Your goal: Once you find the line with "Belgien 2 Euro" in the data that follows, repeat it and every line after it exactly, through the line with "Global Global Network".

(Extracted records)
····················

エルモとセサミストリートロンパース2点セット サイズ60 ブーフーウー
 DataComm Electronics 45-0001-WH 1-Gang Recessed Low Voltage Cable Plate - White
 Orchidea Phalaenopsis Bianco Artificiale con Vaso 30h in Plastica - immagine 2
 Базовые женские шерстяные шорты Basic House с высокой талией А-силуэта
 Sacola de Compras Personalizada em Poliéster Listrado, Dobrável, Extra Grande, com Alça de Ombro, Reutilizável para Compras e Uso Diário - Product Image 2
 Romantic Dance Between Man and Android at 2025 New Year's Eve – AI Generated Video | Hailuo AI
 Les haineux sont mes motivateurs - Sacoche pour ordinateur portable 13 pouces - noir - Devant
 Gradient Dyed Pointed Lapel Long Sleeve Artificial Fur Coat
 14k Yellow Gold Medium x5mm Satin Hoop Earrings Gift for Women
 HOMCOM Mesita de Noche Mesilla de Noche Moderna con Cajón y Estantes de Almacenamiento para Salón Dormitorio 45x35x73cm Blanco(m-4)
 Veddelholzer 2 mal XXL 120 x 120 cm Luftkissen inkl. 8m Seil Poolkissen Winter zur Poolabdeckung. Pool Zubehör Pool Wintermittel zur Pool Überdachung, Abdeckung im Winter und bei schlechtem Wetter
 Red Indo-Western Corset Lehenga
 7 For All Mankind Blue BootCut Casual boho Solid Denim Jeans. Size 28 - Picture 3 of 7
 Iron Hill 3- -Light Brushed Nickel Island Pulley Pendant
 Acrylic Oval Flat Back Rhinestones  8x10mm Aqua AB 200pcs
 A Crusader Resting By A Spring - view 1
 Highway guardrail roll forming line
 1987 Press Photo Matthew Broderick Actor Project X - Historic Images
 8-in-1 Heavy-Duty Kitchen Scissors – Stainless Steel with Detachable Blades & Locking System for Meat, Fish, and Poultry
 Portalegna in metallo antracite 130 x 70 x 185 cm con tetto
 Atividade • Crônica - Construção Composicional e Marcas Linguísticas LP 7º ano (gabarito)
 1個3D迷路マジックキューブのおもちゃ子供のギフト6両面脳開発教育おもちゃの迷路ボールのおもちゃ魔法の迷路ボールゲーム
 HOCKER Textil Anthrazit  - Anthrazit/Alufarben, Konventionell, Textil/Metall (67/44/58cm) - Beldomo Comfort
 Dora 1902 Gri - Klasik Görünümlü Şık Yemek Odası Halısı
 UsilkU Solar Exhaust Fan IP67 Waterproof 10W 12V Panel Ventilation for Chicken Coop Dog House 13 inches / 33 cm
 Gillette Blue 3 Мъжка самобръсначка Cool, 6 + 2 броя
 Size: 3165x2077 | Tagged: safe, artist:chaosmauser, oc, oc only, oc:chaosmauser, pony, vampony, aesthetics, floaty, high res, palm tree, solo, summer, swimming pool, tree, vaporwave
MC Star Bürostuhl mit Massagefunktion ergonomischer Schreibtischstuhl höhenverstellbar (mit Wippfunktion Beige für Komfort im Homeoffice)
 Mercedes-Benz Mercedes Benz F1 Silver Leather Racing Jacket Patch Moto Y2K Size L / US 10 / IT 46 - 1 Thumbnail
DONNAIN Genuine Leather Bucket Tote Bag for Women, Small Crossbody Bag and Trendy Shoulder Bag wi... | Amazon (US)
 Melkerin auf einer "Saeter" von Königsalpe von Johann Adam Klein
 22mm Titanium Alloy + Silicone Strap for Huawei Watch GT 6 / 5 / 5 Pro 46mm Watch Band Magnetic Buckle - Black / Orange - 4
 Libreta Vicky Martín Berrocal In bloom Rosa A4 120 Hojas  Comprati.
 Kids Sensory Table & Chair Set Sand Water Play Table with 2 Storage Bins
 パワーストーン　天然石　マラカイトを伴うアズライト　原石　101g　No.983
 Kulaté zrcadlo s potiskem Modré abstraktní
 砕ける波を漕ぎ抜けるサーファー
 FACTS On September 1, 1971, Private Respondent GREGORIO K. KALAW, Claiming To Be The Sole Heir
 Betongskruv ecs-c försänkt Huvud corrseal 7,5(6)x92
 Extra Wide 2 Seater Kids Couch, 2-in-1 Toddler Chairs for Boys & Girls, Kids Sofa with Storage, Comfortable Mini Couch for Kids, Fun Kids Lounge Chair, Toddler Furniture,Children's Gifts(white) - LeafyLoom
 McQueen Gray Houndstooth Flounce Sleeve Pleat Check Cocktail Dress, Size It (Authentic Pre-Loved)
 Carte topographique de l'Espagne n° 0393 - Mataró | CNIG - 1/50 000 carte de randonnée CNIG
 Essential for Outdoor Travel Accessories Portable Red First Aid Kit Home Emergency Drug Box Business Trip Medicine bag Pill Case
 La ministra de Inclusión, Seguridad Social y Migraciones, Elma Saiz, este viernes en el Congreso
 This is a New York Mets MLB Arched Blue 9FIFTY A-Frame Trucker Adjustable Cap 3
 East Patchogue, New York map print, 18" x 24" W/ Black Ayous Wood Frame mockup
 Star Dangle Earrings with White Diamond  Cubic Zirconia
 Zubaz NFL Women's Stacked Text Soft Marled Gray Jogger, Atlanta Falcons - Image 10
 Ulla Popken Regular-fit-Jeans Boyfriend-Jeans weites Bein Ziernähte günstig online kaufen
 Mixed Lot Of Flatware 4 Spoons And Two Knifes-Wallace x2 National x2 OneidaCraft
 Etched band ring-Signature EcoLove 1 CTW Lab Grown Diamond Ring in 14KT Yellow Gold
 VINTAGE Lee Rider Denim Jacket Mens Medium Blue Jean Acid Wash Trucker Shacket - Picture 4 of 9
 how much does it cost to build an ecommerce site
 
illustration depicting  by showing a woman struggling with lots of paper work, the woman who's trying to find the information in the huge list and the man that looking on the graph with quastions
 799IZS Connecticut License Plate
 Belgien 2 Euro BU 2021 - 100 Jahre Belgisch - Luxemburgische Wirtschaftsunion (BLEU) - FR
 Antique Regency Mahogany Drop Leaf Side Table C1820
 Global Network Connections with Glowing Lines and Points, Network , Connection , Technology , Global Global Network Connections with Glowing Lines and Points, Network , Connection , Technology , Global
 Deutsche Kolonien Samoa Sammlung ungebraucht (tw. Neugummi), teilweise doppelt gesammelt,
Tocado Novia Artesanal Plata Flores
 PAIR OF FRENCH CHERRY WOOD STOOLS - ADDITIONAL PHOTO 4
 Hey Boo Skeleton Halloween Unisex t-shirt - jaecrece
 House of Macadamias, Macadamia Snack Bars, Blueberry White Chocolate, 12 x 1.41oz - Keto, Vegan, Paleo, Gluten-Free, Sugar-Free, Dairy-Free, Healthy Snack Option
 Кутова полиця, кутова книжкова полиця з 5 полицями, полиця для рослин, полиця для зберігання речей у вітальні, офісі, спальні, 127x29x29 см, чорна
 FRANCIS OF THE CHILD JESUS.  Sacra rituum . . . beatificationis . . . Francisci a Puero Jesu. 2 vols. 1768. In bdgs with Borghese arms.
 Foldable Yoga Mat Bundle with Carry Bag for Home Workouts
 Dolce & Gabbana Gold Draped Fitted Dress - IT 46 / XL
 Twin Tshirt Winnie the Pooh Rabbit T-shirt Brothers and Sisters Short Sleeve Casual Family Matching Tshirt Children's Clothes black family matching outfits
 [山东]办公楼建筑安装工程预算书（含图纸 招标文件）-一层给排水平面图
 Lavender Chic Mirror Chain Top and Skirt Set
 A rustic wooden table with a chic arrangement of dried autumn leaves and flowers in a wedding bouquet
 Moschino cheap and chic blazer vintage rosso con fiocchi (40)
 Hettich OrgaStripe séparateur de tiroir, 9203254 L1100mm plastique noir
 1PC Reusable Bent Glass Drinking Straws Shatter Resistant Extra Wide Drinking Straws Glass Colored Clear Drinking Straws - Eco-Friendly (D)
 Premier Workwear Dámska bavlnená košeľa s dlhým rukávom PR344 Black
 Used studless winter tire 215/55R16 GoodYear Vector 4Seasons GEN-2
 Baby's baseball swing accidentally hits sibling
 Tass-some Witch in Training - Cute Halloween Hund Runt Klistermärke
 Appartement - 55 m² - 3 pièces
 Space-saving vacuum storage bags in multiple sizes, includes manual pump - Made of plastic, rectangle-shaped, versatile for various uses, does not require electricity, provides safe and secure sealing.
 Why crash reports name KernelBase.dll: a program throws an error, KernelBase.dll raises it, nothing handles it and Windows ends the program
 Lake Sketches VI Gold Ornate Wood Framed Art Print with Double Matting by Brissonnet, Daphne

····················

Response box:
 Belgien 2 Euro BU 2021 - 100 Jahre Belgisch - Luxemburgische Wirtschaftsunion (BLEU) - FR
 Antique Regency Mahogany Drop Leaf Side Table C1820
 Global Network Connections with Glowing Lines and Points, Network , Connection , Technology , Global Global Network Connections with Glowing Lines and Points, Network , Connection , Technology , Global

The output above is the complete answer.